Le Programme de développement stratégique (PRODES) est un instrument qui se veut dynamique. Dynamique ? il voit loin, mais sans rester bloqué sur cet avenir lointain. A intervalles réguliers, en principe tous les cinq ans, le Conseil fédéral soumet au législatif une Etape d’Aménagement EA de PRODES, PRODES qui aura été infléchi pour s’adapter à l’évolution. Jusqu’ici, une seule étape a été définie, en 2014, portant sur l’échéance de 2025 : c’est l’EA PRODES 2025.
Pour être inscrit dans l’EA PRODES 2025, le projet doit être suffisamment avancé politiquement et techniquement pour que l’achèvement de sa réalisation puisse raisonnablement être prévu en 2025. Genève n’a pas encore bien assimilé cette contrainte, semble-t-il.

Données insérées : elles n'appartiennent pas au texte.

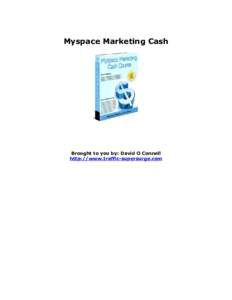 Myspace Marketing Cash  Brought to you by: David O Connell http://www.traffic-supersurge.com  Unadvertised Bonus
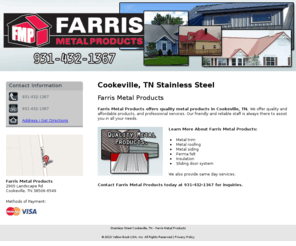 farrismetal.com: Stainless Steel Cookeville, TN - Farris Metal Products
Farris Metal Products provides quality metal products to Cookeville, TN. Call 931-432-1367 for quality metal products.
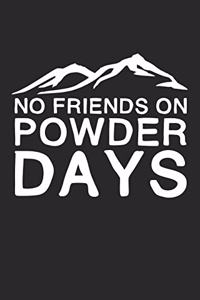 No Friends On Powder Days: DIN A5 Notizbuch liniert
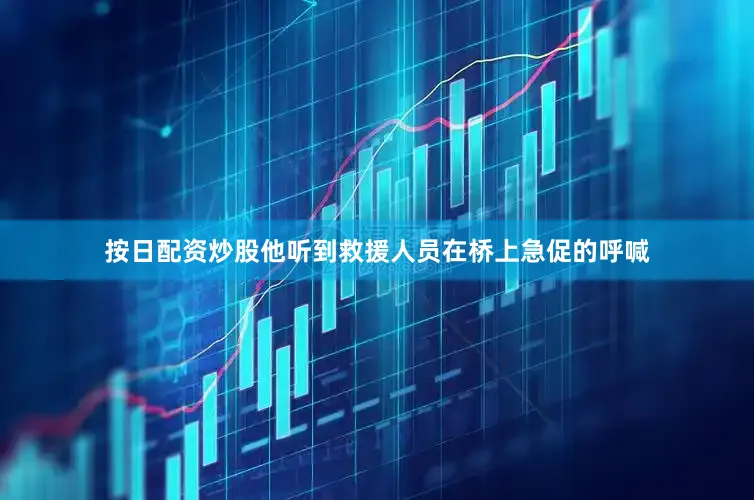 按日配资炒股他听到救援人员在桥上急促的呼喊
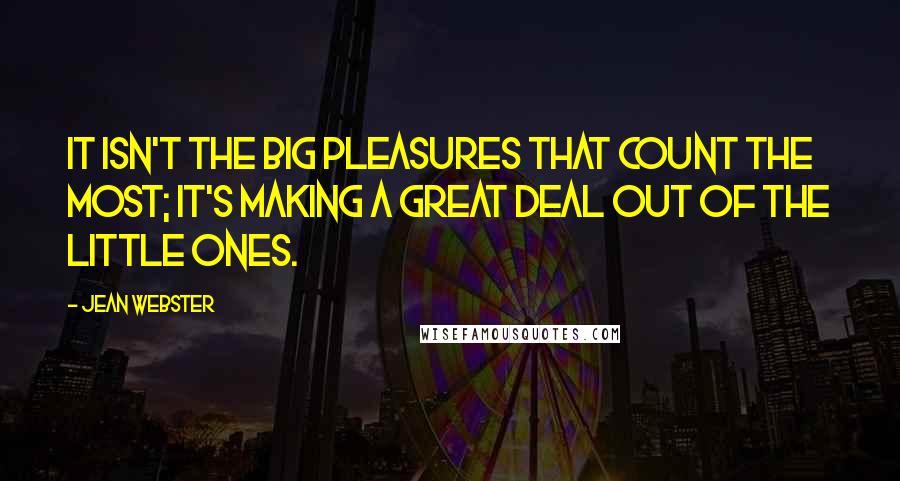 Jean Webster Quotes: It isn't the big pleasures that count the most; it's making a great deal out of the little ones.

C’est donc en 2013 que le Conseil fédéral a passé au Parlement son message pour EA 2025, et en 2014 que le Parlement l’a adopté, avec de fortes modifications. La nécessaire extension de capacité du noeud ferroviaire de Genève y était comptée pour un montant de 790 millions, suffisant à une extension en surface de Cornavin. Bien sûr, il était de notoriété publique que l’échéance de 2025 ne pourrait être tenue, et que le montant de 790 millions ne suffirait certainement pas pour la solution enfouie, que l’opposition des habitants des Grottes avait suscitée. Mais chut !
Une première approche de l’enfouissement de l’extension a évalué son coût à un peu plus de 2,0 milliards. Il a donc été décidé de fractionner les dépenses en deux étapes. Ce fractionnement n’est pas anodin :
- le coût total passe à 2,67 milliards, la 1ère étape étant évaluée à 1,67 milliard,
- quant à la seconde extension de Cornavin, elle est décidée
- - sans convention de délai,
- - sans financement.
Pour aboutir, l’extension définitive du nœud ferroviaire de Genève devra donc passer par la procédure PRODES et obtenir l’approbation de l’Assemblée fédérale. Le Conseil fédéral, dans son Message pour 2035, ne la propose pas. Il est plus que probable qu’elle ne sera pas inscrite dans le prochain arrêté fédéral. Sa réalisation est par conséquent reportée à 2040 au plus tôt.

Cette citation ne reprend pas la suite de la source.